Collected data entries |

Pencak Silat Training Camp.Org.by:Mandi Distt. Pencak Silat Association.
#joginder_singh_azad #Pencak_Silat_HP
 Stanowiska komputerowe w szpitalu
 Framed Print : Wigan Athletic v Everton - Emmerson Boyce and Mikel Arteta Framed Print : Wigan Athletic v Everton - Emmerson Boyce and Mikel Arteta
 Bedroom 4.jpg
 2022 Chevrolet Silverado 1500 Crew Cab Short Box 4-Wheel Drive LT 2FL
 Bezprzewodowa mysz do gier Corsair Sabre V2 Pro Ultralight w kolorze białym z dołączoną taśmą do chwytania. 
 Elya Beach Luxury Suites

WORK INSTRUCTION |
The lines to copy run from the start of the records above through the line holding "Bedroom 4.jpg"; give them exactly, both ends included, and nothing else.

RESPONSE TO THIS EXERCISE |
Pencak Silat Training Camp.Org.by:Mandi Distt. Pencak Silat Association.
#joginder_singh_azad #Pencak_Silat_HP
 Stanowiska komputerowe w szpitalu
 Framed Print : Wigan Athletic v Everton - Emmerson Boyce and Mikel Arteta Framed Print : Wigan Athletic v Everton - Emmerson Boyce and Mikel Arteta
 Bedroom 4.jpg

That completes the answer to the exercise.